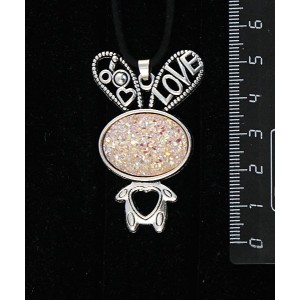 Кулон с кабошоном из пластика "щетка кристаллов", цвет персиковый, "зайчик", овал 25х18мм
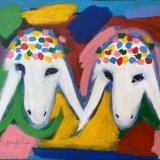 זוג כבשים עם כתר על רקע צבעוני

☆ ☆ ☆ ☆ ☆

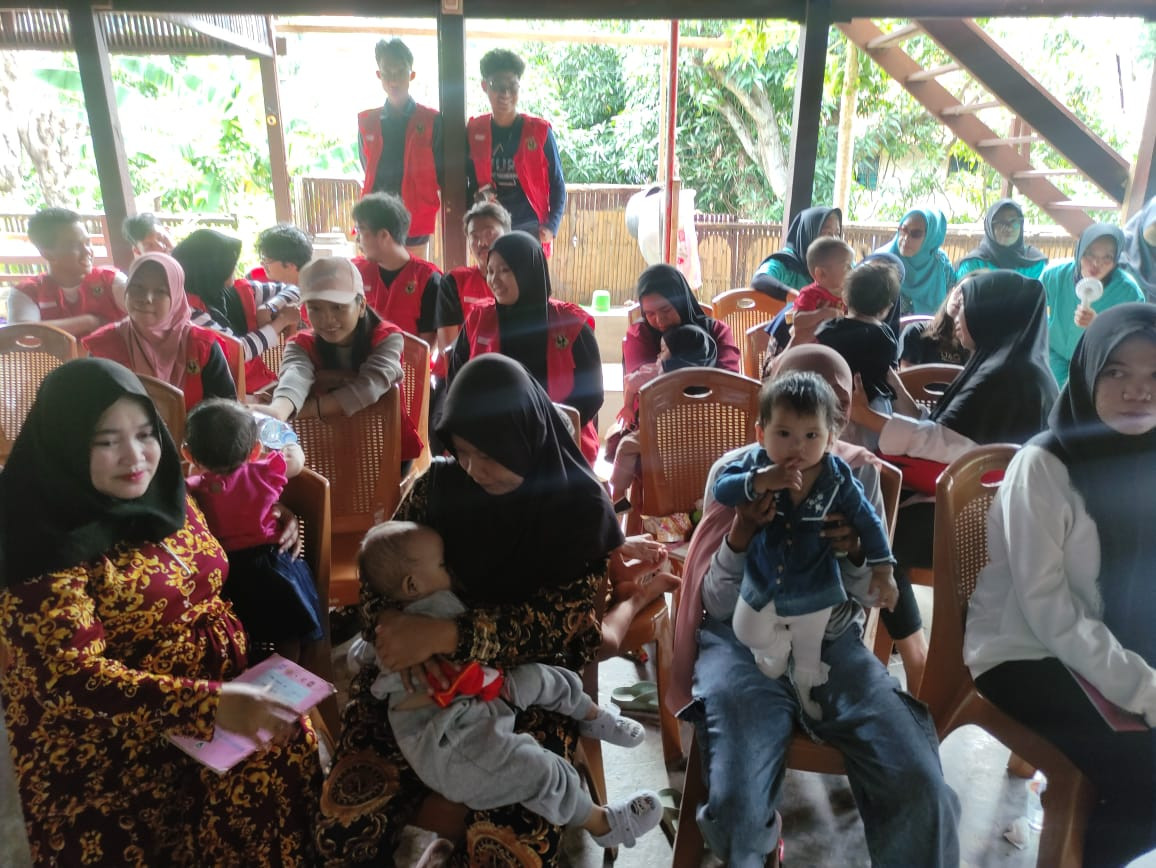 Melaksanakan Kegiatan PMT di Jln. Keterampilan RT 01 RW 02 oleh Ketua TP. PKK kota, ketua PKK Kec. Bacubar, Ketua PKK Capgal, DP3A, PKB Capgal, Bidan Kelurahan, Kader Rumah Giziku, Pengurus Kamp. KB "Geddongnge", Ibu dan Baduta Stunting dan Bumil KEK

☆ ☆ ☆ ☆ ☆

[WHAT YOU SHOULD DO]
Only one stretch of the listing is wanted: the lines starting at the one with "Кулон с кабошоном" and ending at the one with "זוג כבשים עם כתר על רקע צבעוני", copied exactly and free of pictures.

[SOLUTION FOR THIS EXERCISE]
 Кулон с кабошоном из пластика "щетка кристаллов", цвет персиковый, "зайчик", овал 25х18мм
 זוג כבשים עם כתר על רקע צבעוני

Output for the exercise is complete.